I saw the TV glow, di Jane Schoenbrun
Di questo film abbiamo abbondantemente parlato, perché si tratta di uno dei film che più ci hanno colpito quest’anno. È un film strano, stratificato, a tratti criptico. Parla di noi, di quel sentirsi diversi, di quel trovare un conforto nella serie tv (o nei prodotti artistici, in generale); parla anche dell’accettazione di sé, della propria sessualità e del proprio posto nel mondo. È difficile fare la scelta giusta. E in questo, la regista Jane Schoenbrun, trans e non-binary, non si schiera: non esistono scelte corrette; le scelte comportano sempre una rinuncia gravosa. Il tutto letto attraverso l’amicizia di due ragazzi che adorano una serie tv, con personaggi presi direttamente dagli Smashing Pumpkins (che rimangono sempre in sottofondo) e rimandi a David Lynch. Una messa in scena sorprendente, lontana dai rischi della nostalgia di un’epoca passata (e mai dorata), capace di parlare a tutti quelli che si sono sentiti diversi almeno una volta nella loro vita. Cioè a tutti.
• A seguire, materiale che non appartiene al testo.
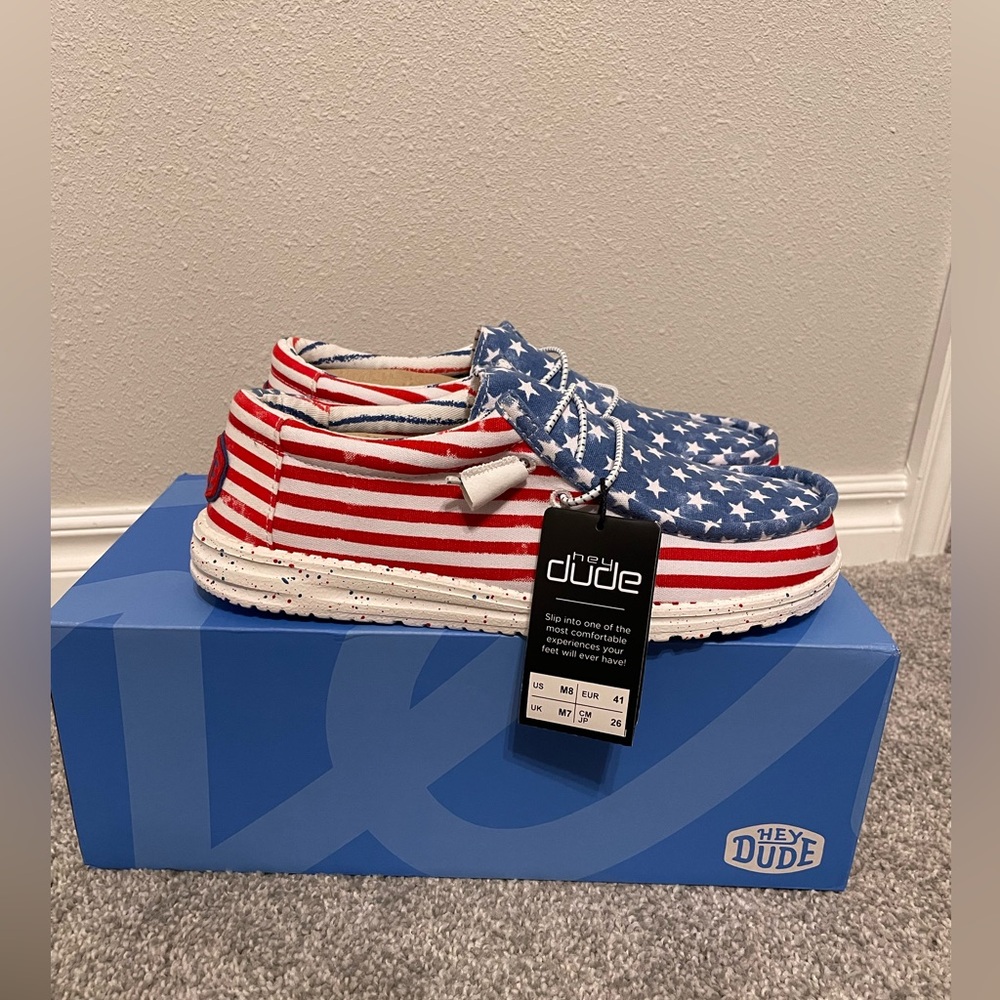 Hey Dude Wally Patriotic NWB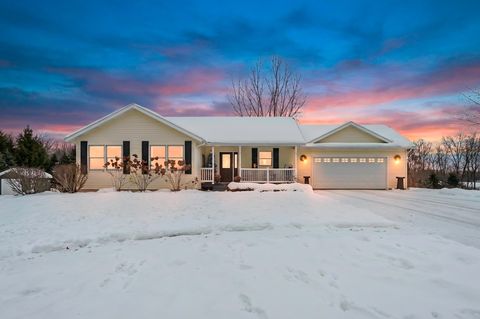 9299 26th Street Pine Grove Township MI 49055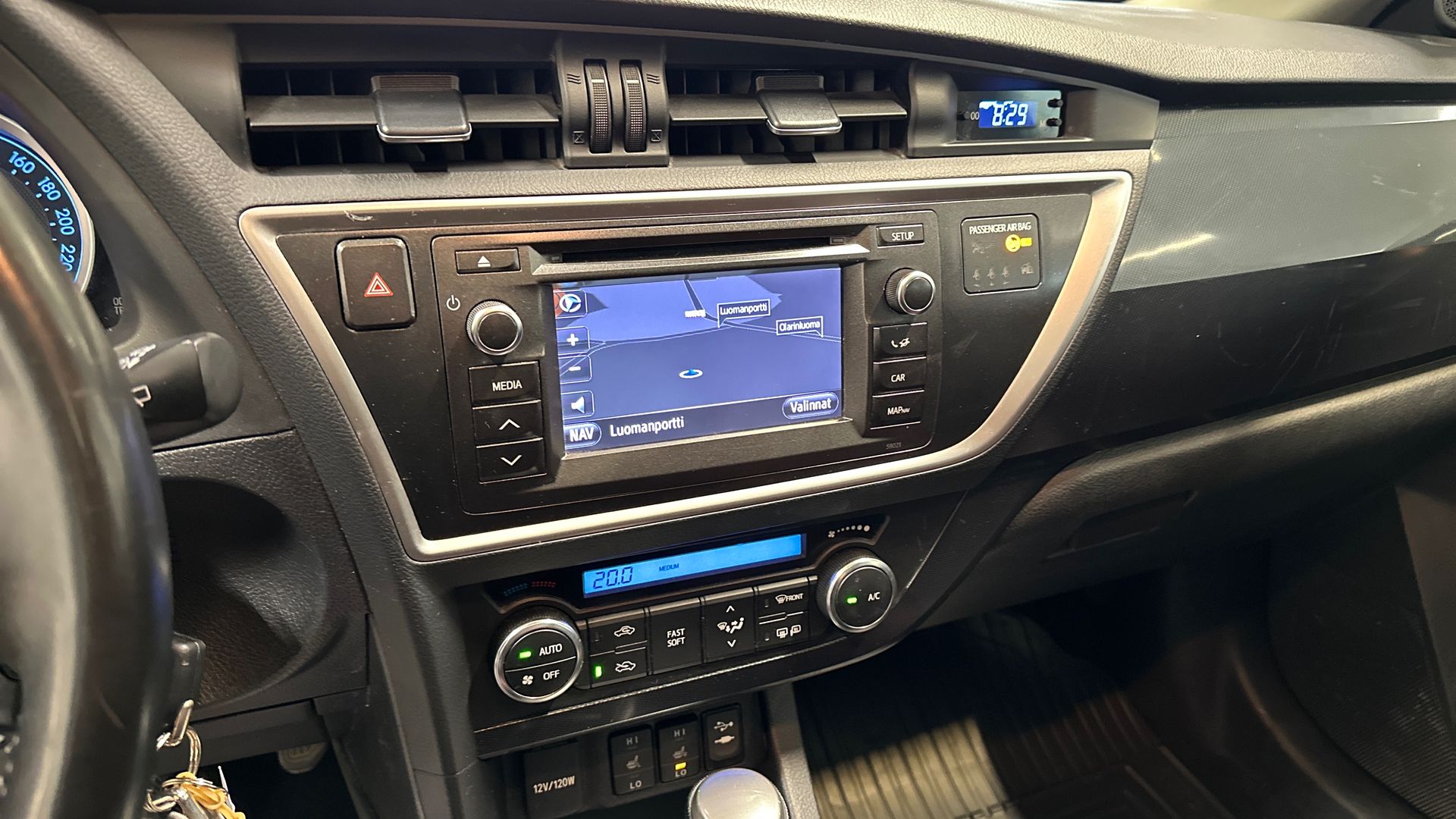 Toyota Auris 2013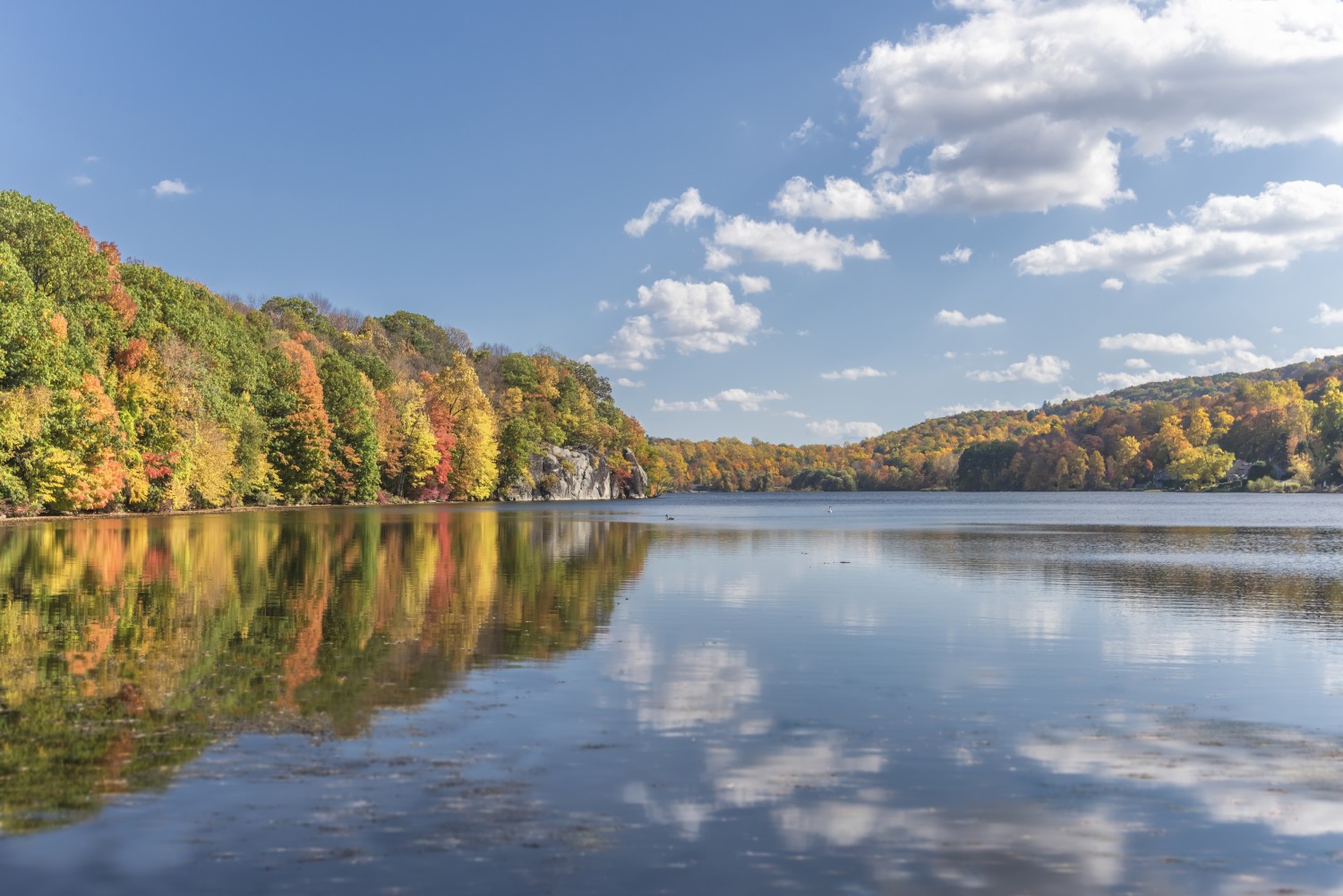 Find The Perfect Waterfront Homes For Sale In Ridgefield CT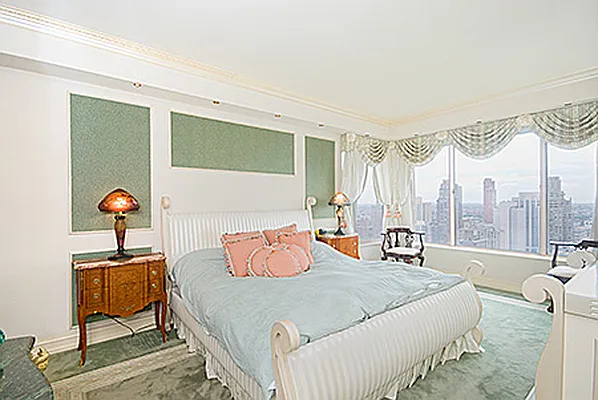 Sold by Trump International Realty | media 13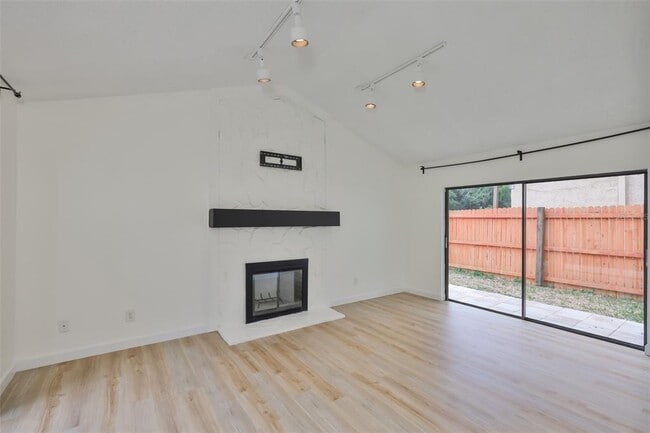 Building Photo - 13703 Sweetwater Cove Pl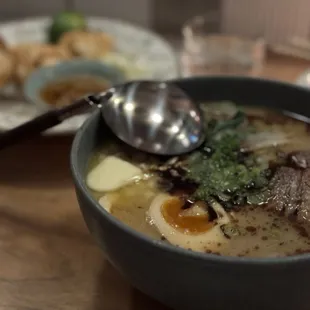 Pork and garlic ramen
Past Lives, di Celine Song (2023 ma da noi arrivato nel 2024)
Past Lives è il fulminante esordio di Celine Song, un menage a trois che non si consuma mai, pur continuando a bruciare negli anni. I momenti della storia sono come piccoli estratti di vita, che coinvolgono i due protagonisti, scena sé stanti, diorami di sentimenti. Ma è forse la terza parte, quando Hae Sung va a trovare Nora a New York che rappresenta la parte meglio riuscita, dove gli sguardi e i movimenti fanno più delle parole – magistrale in questo senso la scena del loro primo incontro a New York. Un film di spazi, reali e immaginati; incolmabili, ma che riempiono la scena. Con il finale amaro che ha commosso tipo tutti. Unico vero metro di paragone è In the mood for love, per atmosfera e tematiche, pur con un aspetto musicale meno riuscito (nonostante un Suzanne di Cohen buttata lì).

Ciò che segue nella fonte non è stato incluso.